VI. 2. THE CLAIMANT COULD HAVE SOLD THE UNRIPENED BANANAS
The main purpose for which the claimant purchased unripened bananas was to resell them to
grocery stores in Astoria.119
As per Mr. Bartolo‟s report, those bananas which were still green
could have been sold to the grocery stores.120
It has been held that the buyer does not have a
right to terminate a contract if he can resell the goods in the ordinary course of business,
albeit for a lower price.121
Furthermore, in a contract involving delivery of meat, wherein the
value of the meat was about 25% less than what was agreed, it was held that there was no
fundamental breach as the delivered meat could have been reasonably resold on by the buyer
which might then have been compensated by a claim for damages.122
It is submitted that the
Claimant was clearly in a position to sell the remaining 70% of the unripened bananas to its
customers in Astoria in its normal course of business.
119 Moot proposition, p. 7. 120 Further Corrections and Clarifications, ¶. 16. 121 Supra note 104. 122 Supra note 105.
-31- MEMORIAL ON BEHALF OF THE RESPONDENT
PRAYER FOR RELIEF
We respectfully make the above submissions on behalf of our client Rolga Farmer‟s
Exchange.

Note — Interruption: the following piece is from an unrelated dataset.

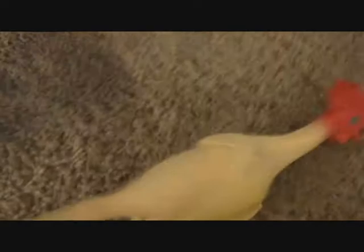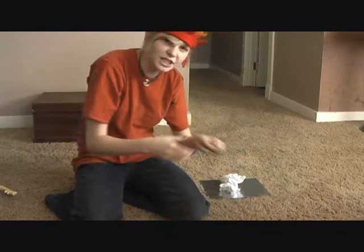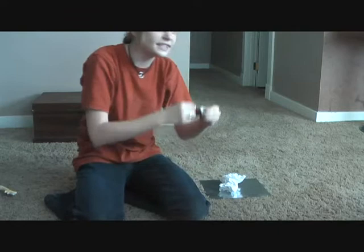Next you need to get a knife and you cut it and make it nice and tender. Next you need some crumbled up paper — make sure it's nice and crumbled. Then you get the box of matches and you have to start the fire so you can cook the turkey, and you don't get salmonella and die like my wife.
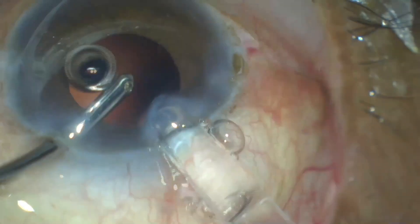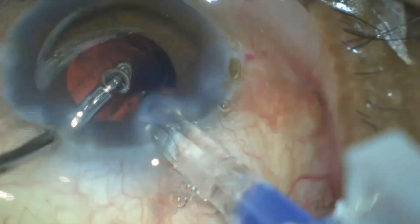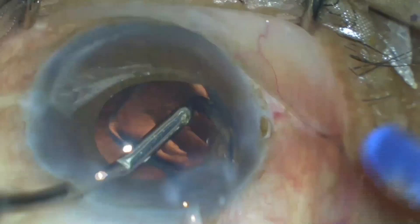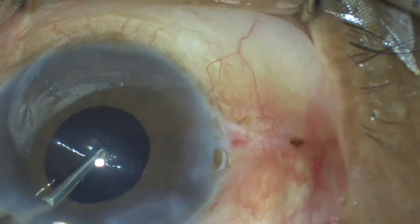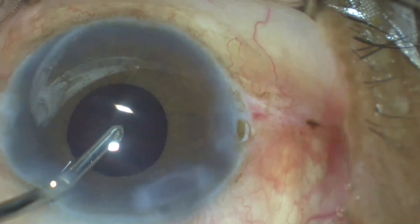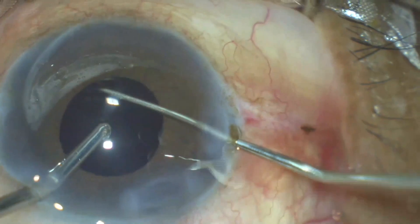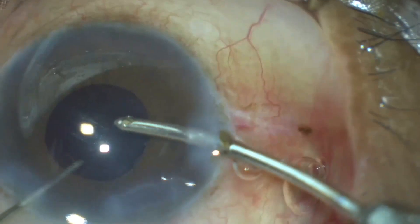We must carefully check whether both haptics are open in the bag. Sometimes one haptic may remain folded or may remain in the sulcus — or both — in cases of mid-dilated or over-dilated pupils. As you can see in this case, one has to inject the leading haptic towards the back and press down the optic and trailing haptic, then wait a few seconds for natural unfolding of the IOL. Confirmation of in-bag implantation must be done by retracting the iris with a second instrument.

The RESPONDENT requests the tribunal to find that:
1. There is no Agreement between Astoria Produce Company and Rolga Farmer
Exchange conferring the authority on the tribunal to resolve the dispute.
2. The Arbitral tribunal has been improperly constituted.
3. The arbitral tribunal does not have the authorty to impose a fine on Rolga Farmer
Exchange.
4. UNIDROIT is the applicable law governing the dispute.
5. There is no breach of obligation on the part of Rolga Farmer‟s Exchange.
6. Astoria Produce Company has illegitimately terminated the Contract.
7. AP was obligated to take the delivery of the bananas.
8. The legal obligation to sell the bananas vested with AP. However, if the tribunal finds
otherwise, it is requested that the tribunal may declare
RFE was not obligated to sell the bananas.